[Records from a data source]
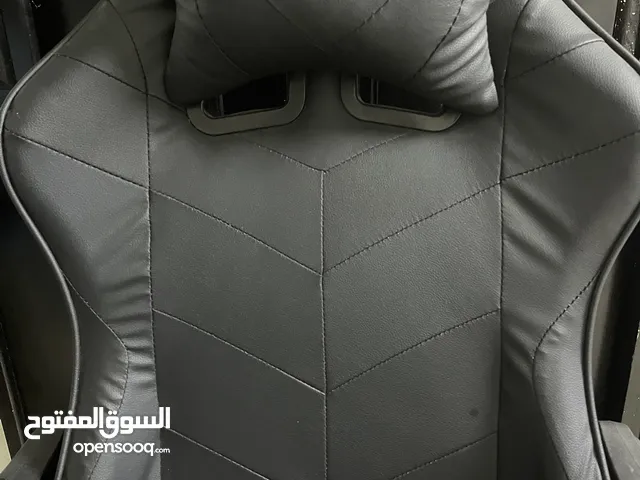 Other Chairs & Desks in Central Governorate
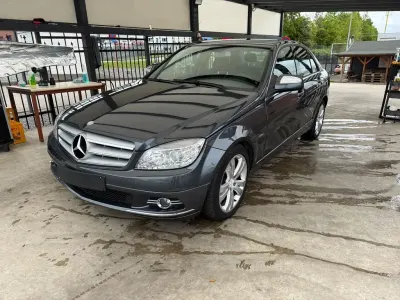 Gebraucht Mercedes C200 136 PS (100 kW) 2008 Grau Limousine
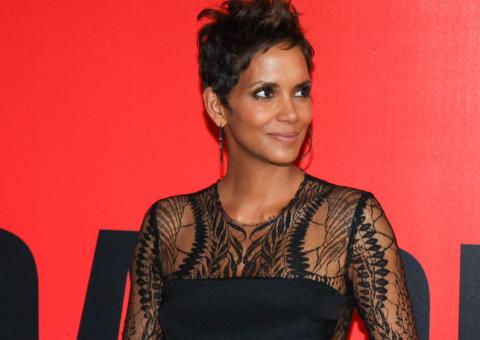Grávida, Halle Berry prestigia estreia do seu filme no Brasil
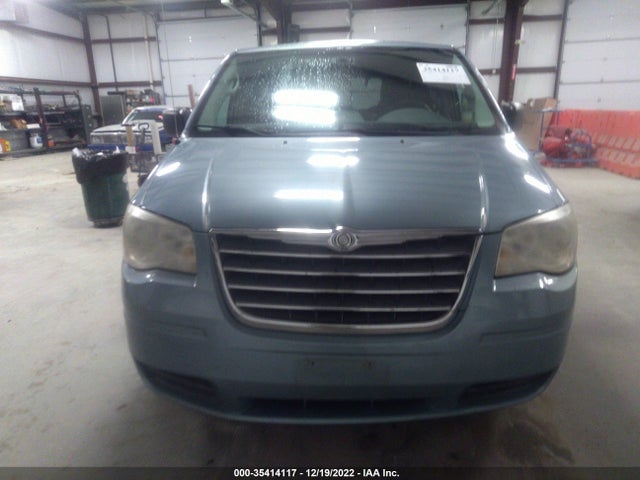 2A8HR44E99R606947 Chrysler Town & Country
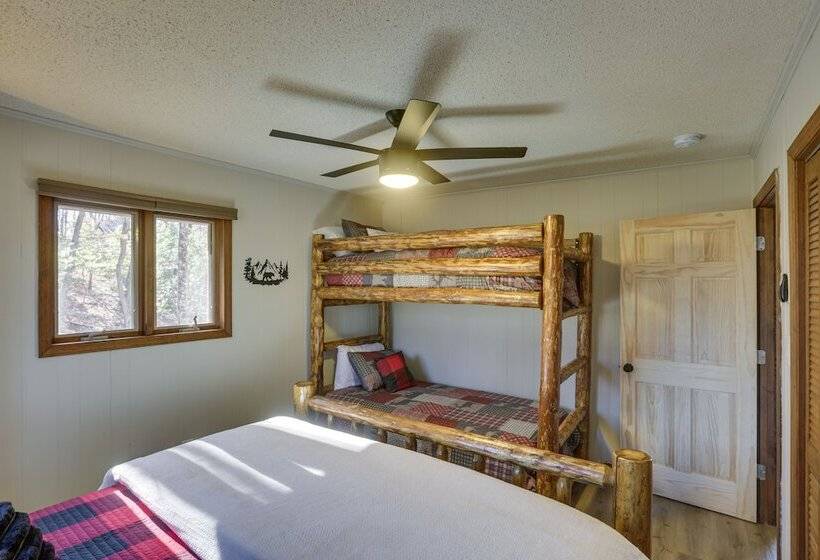 Deep Gap Cabin W/ 2 Decks & Community Amenities!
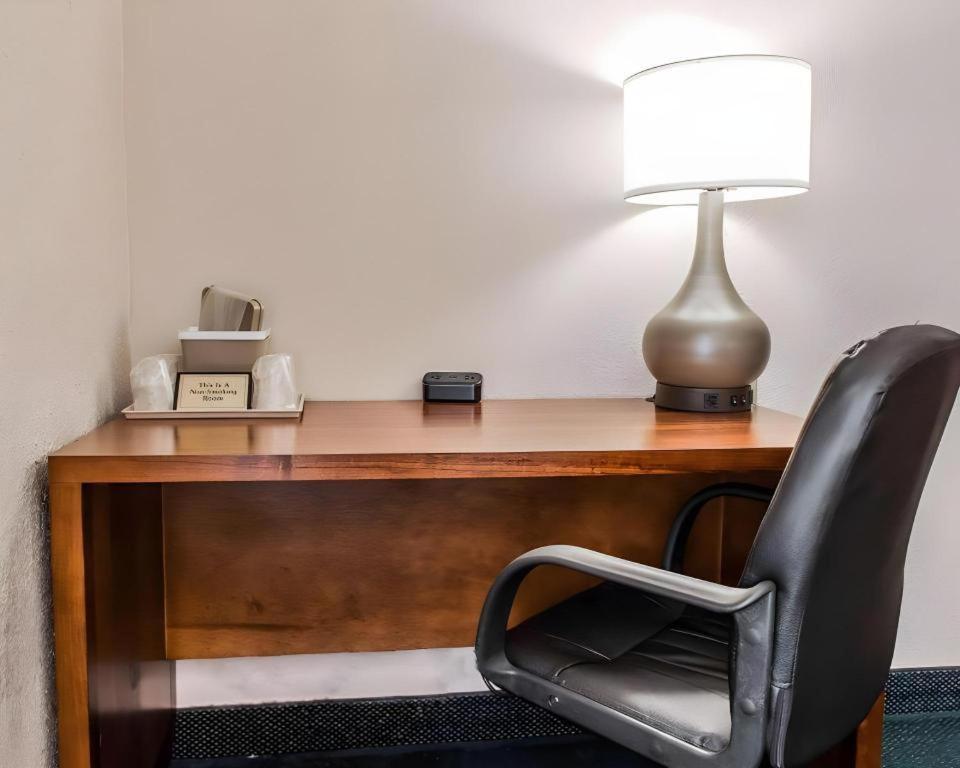 Quality Inn Waynesburg Zewnętrze zdjęcie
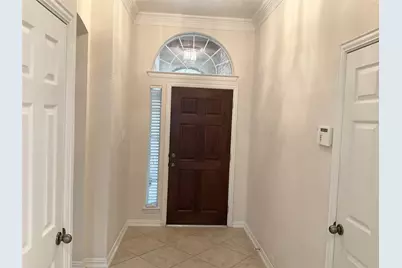 6 Dragon Hill Place, The Woodlands, TX 77381 - Photo 4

◆ **What the task requires**:
Repeat every line of the data exactly, but do not include pictures.

◆ **Response for this exercise**:
 Other Chairs & Desks in Central Governorate
 Gebraucht Mercedes C200 136 PS (100 kW) 2008 Grau Limousine
Grávida, Halle Berry prestigia estreia do seu filme no Brasil
 2A8HR44E99R606947 Chrysler Town & Country
 Deep Gap Cabin W/ 2 Decks & Community Amenities!
 Quality Inn Waynesburg Zewnętrze zdjęcie
 6 Dragon Hill Place, The Woodlands, TX 77381 - Photo 4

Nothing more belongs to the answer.